» **Task instructions**
Line by line, the data below should be set down unchanged, with images excluded.

» **Source data**

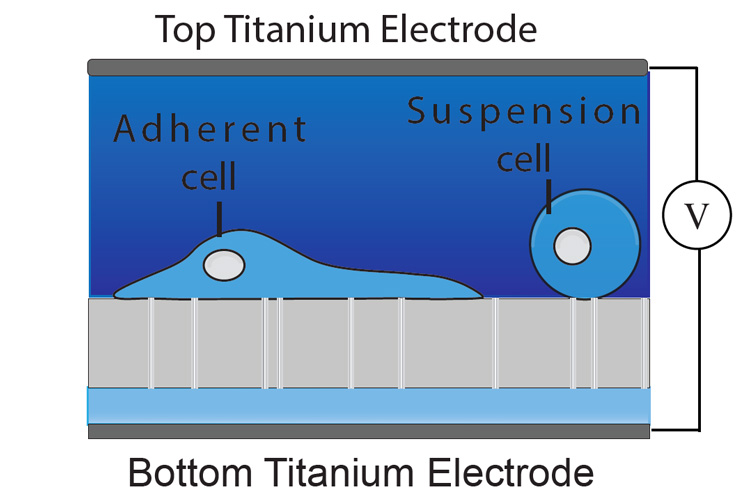 diagram of cells in nanoEP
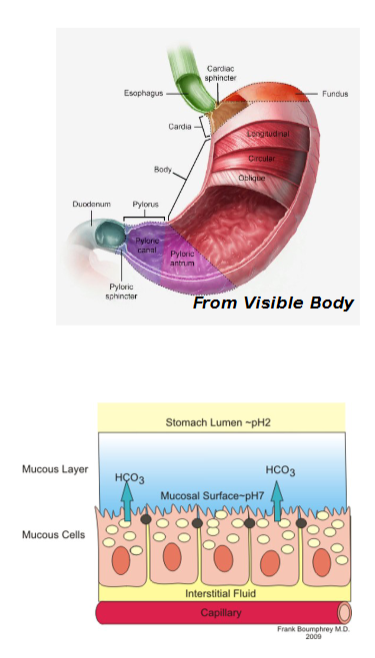 <ul><li><p>also modified</p></li><li><p>lines the lumen</p></li><li><p>Simple columnar epithelium entirely composed of mucous cells</p><ul><li><p>Secrete 2-layer coat of alkaline mucus</p><ul><li><p>Surface layer traps bicarbonate- rich fluid layer that is beneath it</p></li></ul></li></ul></li><li><p>Dotted with gastric pits, which lead into gastric glands that produce gastric juice</p></li></ul><p></p>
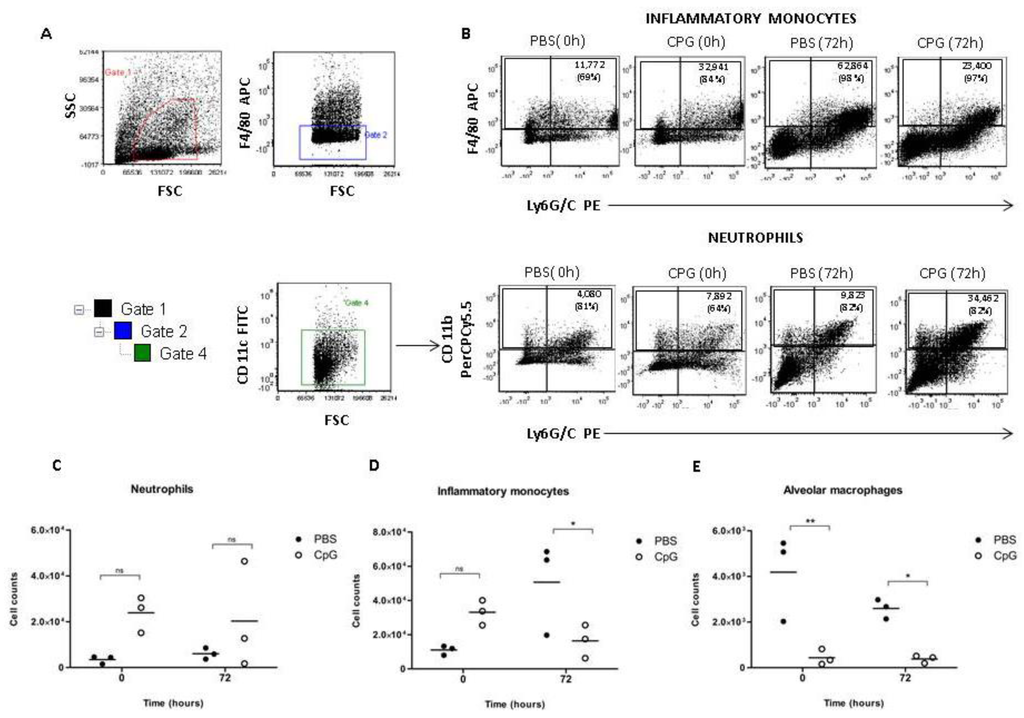 Pathogens 02 00383 g004 1024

» **Solution below**
 diagram of cells in nanoEP
 <ul><li><p>also modified</p></li><li><p>lines the lumen</p></li><li><p>Simple columnar epithelium entirely composed of mucous cells</p><ul><li><p>Secrete 2-layer coat of alkaline mucus</p><ul><li><p>Surface layer traps bicarbonate- rich fluid layer that is beneath it</p></li></ul></li></ul></li><li><p>Dotted with gastric pits, which lead into gastric glands that produce gastric juice</p></li></ul><p></p>
 Pathogens 02 00383 g004 1024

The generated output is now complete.